OR, HOW TO RUN YOUR MEETINGS MORE EFFECTIVELY
This is a little basic introduction to something called "Parliamentary Procedure", based on Robert's Rules of Order. Sounds difficult? It really isn't...these are rules that make every meeting run smoothly. Everyone gets their say, and it keeps things from either coming apart or a mass of confusion. These rules are used from everything to a local union meeting to sessions of the US Congress.
Here's some real basic methods to get your point across and keep a meeting going well:
Having the Floor
When you wish to speak, it is referred to as "having the floor." It insures that you are the only one speaking at a particular moment, and you get this by being "recognized by the Chair" (the Chair being the one running the meeting). You ask for recognition by either raising your hand, or saying simply "Mr./Ms. Chairman, President, etc." (depending on who it is and their title). Once recognized, you may now speak until you are done - at which time you "yield the floor." The Chair may NOT speak on a subject unless he/she temporarily "yields the Chair."
Asking for Information and Keeping the Discussion on Subject
The way this is done is by using two methods: using Point of Information and Point of Order. Saying "Point of Information" means you wish to ask a question to the person "having the floor" (speaking) without having them "yield." If the the discussion starts to wander away from the subject at hand, or side discussions begin you say "Point of Order." You then say what you think is happening (going off subject, other people talking, etc.), at which point The Chair "rules" (makes a decision) and asks either the speaker to go back on subject, the meeting to "Come to Order" or decides that the speaker IS on subject.

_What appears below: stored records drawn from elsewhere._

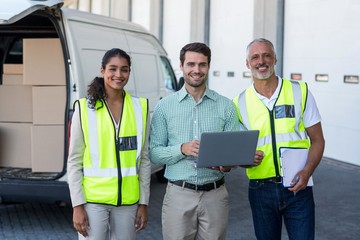 Manager and warehouse workers standing with laptop and clipboard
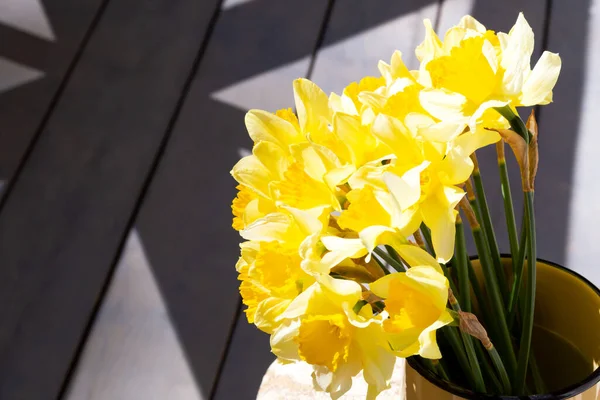 Fresh daffodils in a mug on the veranda — Foto de Stock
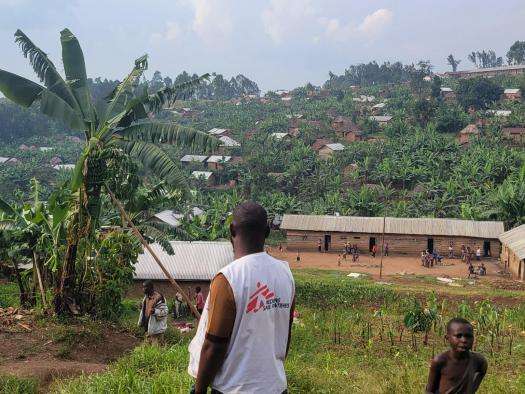 MSF staffer looks at hillside in DRC Congo. 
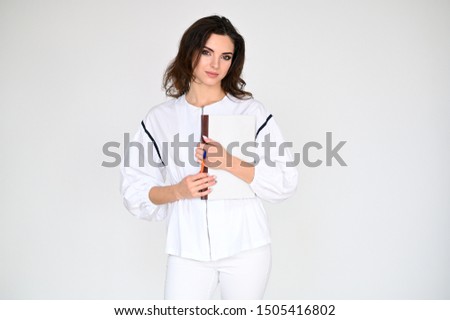 Concept photo portrait of a cute pretty beautiful brunette girl with excellent makeup in white clothes with a folder in her hands on a white background. In different poses with emotions.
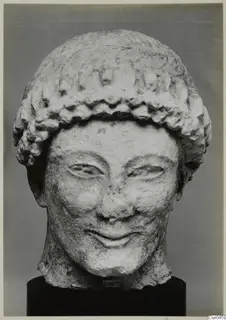 Limestone head of a figure with a curled hair band, photographed against a grey backdrop on a black stand.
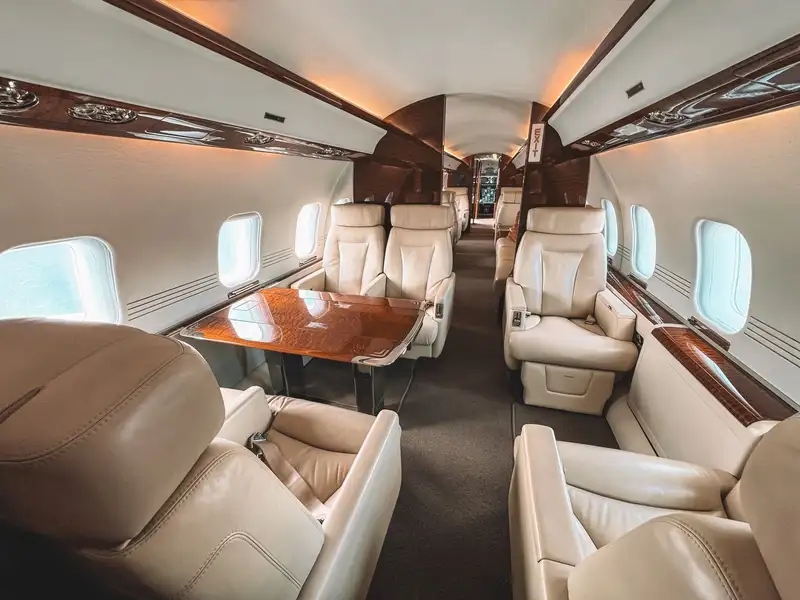 Luxurious interior of a private jet showcasing leather seating and elegant wooden trim.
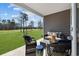 Covered patio with wicker furniture overlooking a golf course at 3413 Cove Side Ct., North Myrtle Beach, SC 29582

Making and Voting on MotionsWhen it comes time to take action on a subject under discussion, this is called "making a motion." You must first be "recognized" by the Chair, then the following sequence takes place: 1) A motion is made. 2) It is "seconded" by someone OTHER than the person making the motion. 3) There is a discussion of the motion, and finally 4) the group votes (show of hands, secret ballot, verbally). If a motion is not seconded, it "dies." If someone wishes to add on to a motion that has been seconded, they may offer an "amendment" that ALSO must be seconded and accepted by the original maker of the motion. During the discussion part of the motion, if anyone feels the discussion has gone on too long, they say Call for the Question. This is a short way to ask the Chair to stop the discussion and to call for an immediate vote. Once the vote is made, all further discussion of the motion is not allowed.
Parliamentary procedure can get very complex, but if you stick to these simple rules the meeting will go more quickly and everyone will get their chance to be heard.